Thursday, August 31, 2023

How would you describe God?

What does a pinecone and a foil ball have in common?

Our topic for class this Wednesday was God, specifically looking at metaphors and similes the Bible uses to describe God to help us understand God. Each week I'm trying to incorporate a hands-on activity to open each class and today's activity proved to be mind-bending. 

I brought to class brown bags, each with an object inside. Each student got the opportunity to feel inside the bag and DESCRIBE the object using only adjectives, metaphors, or similes. My purpose for this activity was to reinforce the idea that metaphors, similes and descriptors are human attempts to understand God - at least a little. The dangers we often run into are when we forget that the metaphors themselves are not God, and when we extend a metaphor too far and get carried away describing what we think we know about the metaphor and not consider what we're actually seeing, feeling, experiencing about God. 

While most of the objects in the bags were lighthearted and easy, all of us were surprised at one particular outcome and how solidly it reinforced the theme of our class.

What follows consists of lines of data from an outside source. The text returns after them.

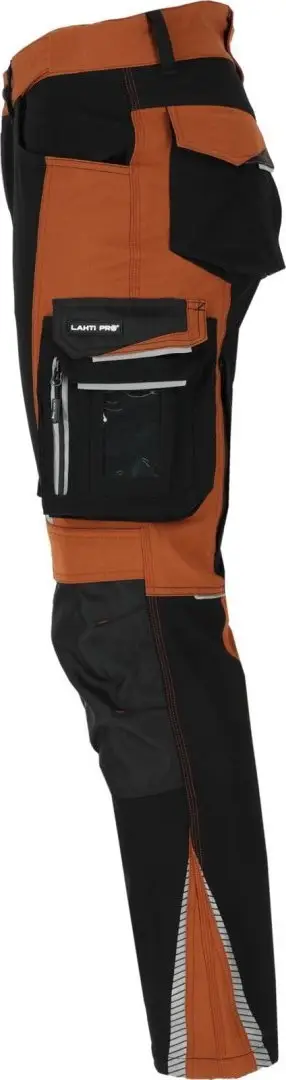Pantalona kominuese Lahti Pro L4054502, seri Stretch, kafe e zezë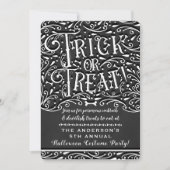 ハロウィンパーティーのためのヴィンテージチョーク「トリックオアトリート」 招待状 (正面)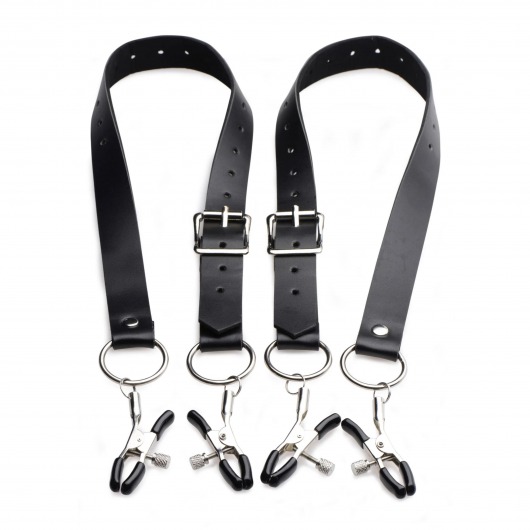 Ремни с зажимами для половых губ Spread Labia Spreader Straps with Clamps - XR Brands - купить с доставкой в Иваново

One gentleman put his hand into the bag and right away knew what it was. He began describing both what he felt and also filled in some extra details with what he thought knew about the object he was touching.

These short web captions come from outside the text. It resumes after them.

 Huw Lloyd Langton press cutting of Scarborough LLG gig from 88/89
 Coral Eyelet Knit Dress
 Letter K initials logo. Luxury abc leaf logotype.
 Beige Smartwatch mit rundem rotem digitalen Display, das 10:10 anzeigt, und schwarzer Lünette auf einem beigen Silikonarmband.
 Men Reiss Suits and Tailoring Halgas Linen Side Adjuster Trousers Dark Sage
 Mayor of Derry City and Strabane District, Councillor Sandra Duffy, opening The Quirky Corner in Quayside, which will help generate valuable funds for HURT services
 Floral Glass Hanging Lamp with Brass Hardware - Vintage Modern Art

"It is oval in shape and pokey to the touch. Definitely metallic with a rough surface." He didn't go so far as to say it was grey in color, since we already discussed not using the sense of sight. 

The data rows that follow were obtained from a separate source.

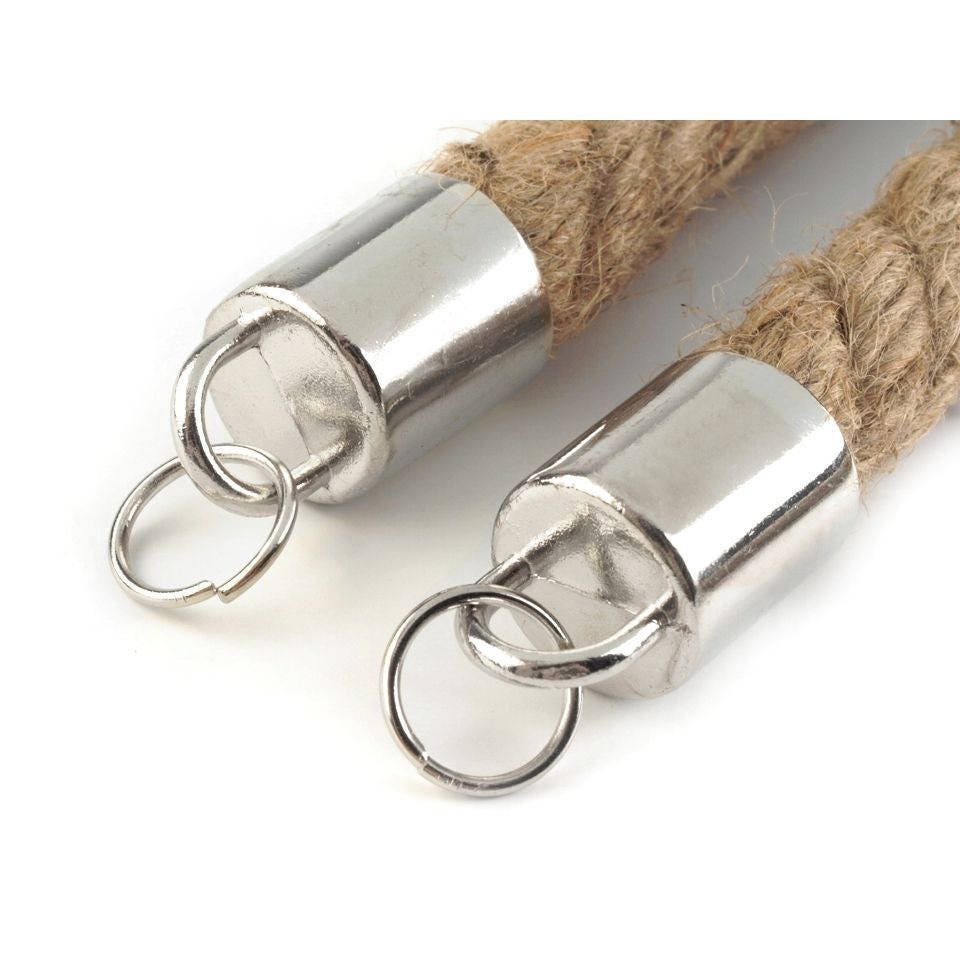 Raw Rope Bag Handles 42cm With Silver Metal Buckles / Cotton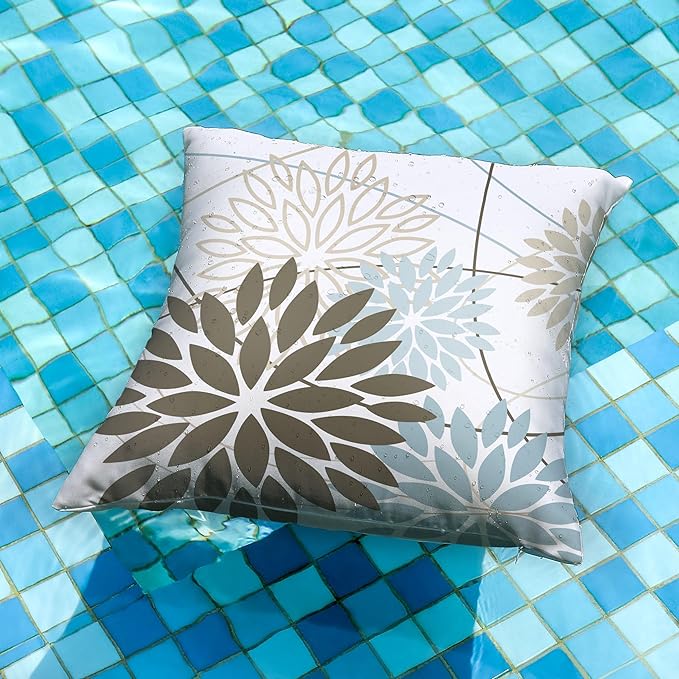 DFXSZ Brown Blue Flower Pillow Covers 20x20 Inch Set of 2 Summer Outdoor Waterproof Decor for Home Patio Funiture Garden Living Room Modern Art Floral Polyester Square Cushion Cover 01F20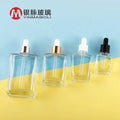 15ml 30ml 50ml 100ml Morandi Square Bottle Dropper Bottle with White Shiny Gold Dropper  Serum Matte Black  Bottle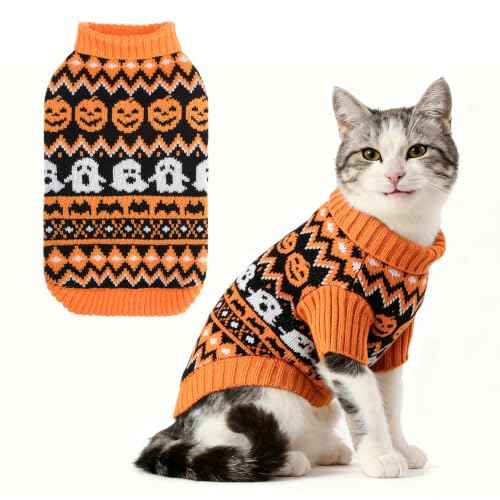 Halloween Cat Sweater for Cats Only (Orange / Small)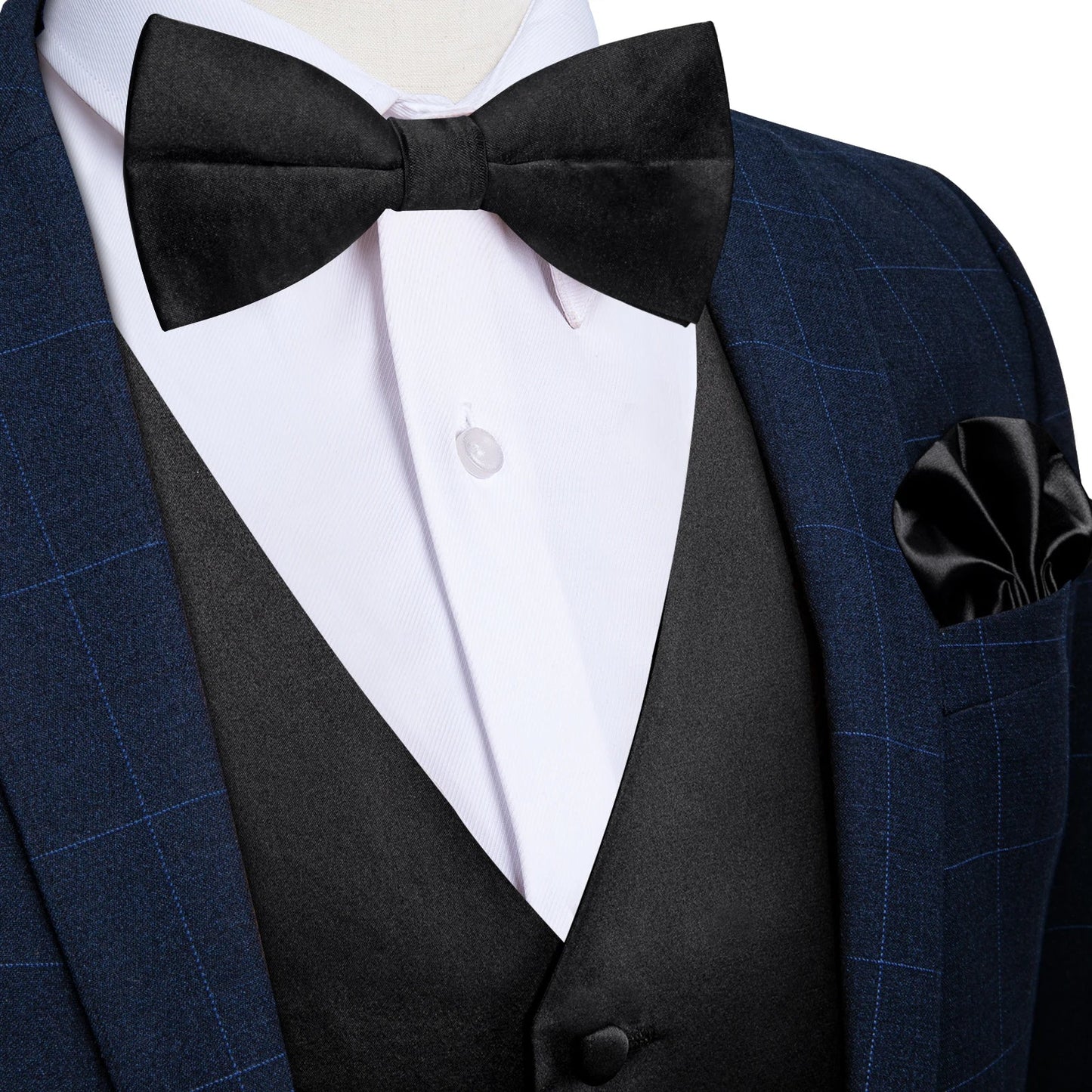 Black Satin Solid Suit Vest with Tie and Pre-tied Bow Tie Set Purple Blue Sage Green Wedding Party Men's Waistcoat DiBanGu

What a look of shock on his face when he pulled out a pinecone and not a foil ball. 

This intelligent young man was speechless. "That was so weird. I was so convinced it was a ball of foil that I was thinking of how I would describe a ball of foil more than I was even thinking about the actual object in my hand." 

Fascinating.

How often do our own images and metaphors about God limit our understanding of who God is? How many time have we carried a metaphor too far and given God the attributes of our earthly metaphor instead of leaving space for God to reveal Godself to us?

For example, if I have locked God into the metaphor of "Father" and then have a negative relationship with my father, I may push those negative characteristics onto God. Or even with positive examples of fathers around us, I may take on the notion that God is masculine. Our metaphor in both these cases went too far.

Metaphors, similes, and adjectives are all excellent resources to give us handles on understanding the God of the cosmos - but they are simply handles and not a summary of God as a whole. That kind of understanding is too expansive for our understanding this side of heaven.

May we continue to grow in our understanding of God as we provide space for the Spirit to open our hearts and minds to new levels of knowing and perceiving.